Fly.io themselves admitted they’re oversubscribed and AWS is doing the same for years now
My point is that these are largely appropriated terms - neither would fit the definitions of type 1 or type 2 from the early days when Popek and Goldberg were writing about them.
> Or does the thing at the bottom have to "play nice" with random other processes?
From this perspective, Xen doesn't count. You can have all sorts of issues from the dom0 side and competing with resources - you mention PV drivers later, and you can 100% run into issues with VMs because of how dom0 schedules blkback and netback when competing with other processes.
ESXi can also run plenty of unmodified linux binaries - go back in time 15 years and it's basically a fully featured OS. There's a lot running on it, too. Meanwhile, you can build a linux kernel with plenty of things switched off and a root filesystem with just the bare essentials for managing kvm and qemu that is even less useful for general purpose computing than esxi.
>Er, both KVM and Xen try to switch to paravirtualized interfaces as fast as possible, to minimize the emulation that QEMU has to do.
There are more things being emulated than there are PV drivers for, but this is a bit outside of my point.
For KVM, the vast majority of implementations are using qemu for managing their VirtIO devices as well - https://developer.ibm.com/articles/l-virtio/ - you'll notice that IBM even discusses these paravirtual drivers directly in context of "emulating" the device. Perhaps a better way to get the intent across here would be saying qemu handles the device model.
From a performance perspective, ideally you'd want to avoid PV here too and go with sr-iov devices or passthrough.
If you want data colocated on the same filesystem, then put it on the same filesystem. VMs suck, nobody spins up a whole fabricated IBM-compatible PC and gaslights their executable because they want to.[1] They do it because their OS (a) doesn't have containers, (b) doesn't provide strong enough isolation between containers, or (c) the host kernel can't run their workload. (Different ISA, different syscalls, different executable format, etc.)
Anyone who has ever tried to run heavyweight VMs atop a snapshotting volume already knows the idea of "shared blocks" is a fantasy; as soon as you do one large update inside the guest the delta between your volume clones and the base snapshot grows immensely. That's why Docker et al. has a concept of layers and you describe your desired state as a series of idempotent instructions applied to those layers. That's possible because Docker operates semantically on a filesystem; much harder to do at the level of a block device.

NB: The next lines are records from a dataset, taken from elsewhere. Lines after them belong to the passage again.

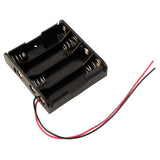 Keystone 2478 Battery Holder for 4 x AA with 150mm Flying Leads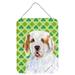 Carolines Treasures SS4431DS1216 Clumber Spaniel St. Patricks Day Shamrock Portrait Wall or Door Hanging Prints 12x16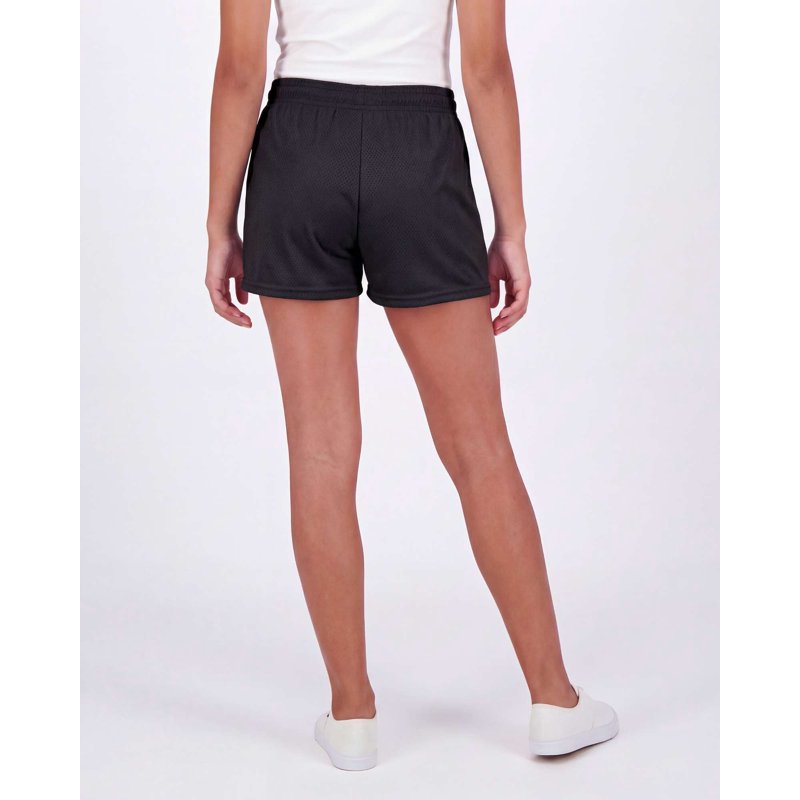 Girls Mesh Athletic Shorts 4-Pack - Breathable Quick-Dry Sports Wear for Teens & Kids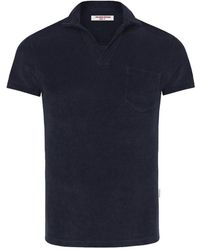 Orlebar Brown - Badstof Polo - Lyst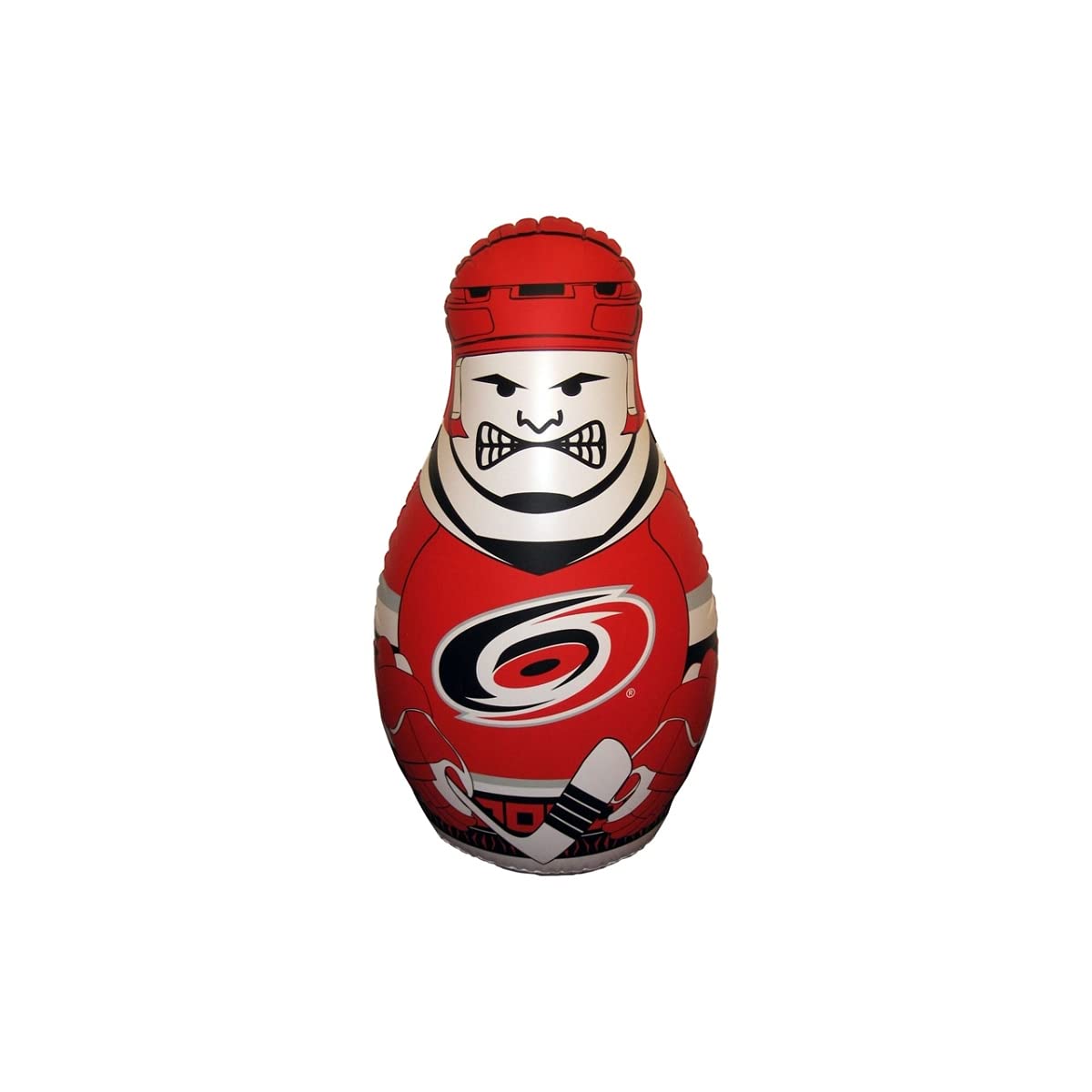 Fremont Die NHL Carolina Hurricanes Bop Bag Inflatable Checking Buddy Punching Bag, Standard: 40 Tall, Team Colors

Is the a block containing b"hello, world" part of a program's text section, or part of a user's document? You don't know, because the guest is asking you for an LBA, not a path, not modes, not an ACL, etc. - If you don't know that, the host kernel has no idea how the page should be mapped into memory. Furthermore storing the information to dedup common blocks is non-trivial: go look at the manpage for ZFS' deduplication and it is littered w/ warnings about the performance, memory, and storage implications of dealing with the dedup table.
Straight from their site. QEMU is the user space interface, KVM the kernel space driver. It’s enough to run whatever OS. That’s the point.
For libvirt: https://libvirt.org/drivers.html
They support a bunch as well.
E.g. using the firecracker jailer: https://github.com/firecracker-microvm/firecracker/blob/main...
https://learn.microsoft.com/en-us/windows/security/applicati...
Interesting. I guess we are reading a different website.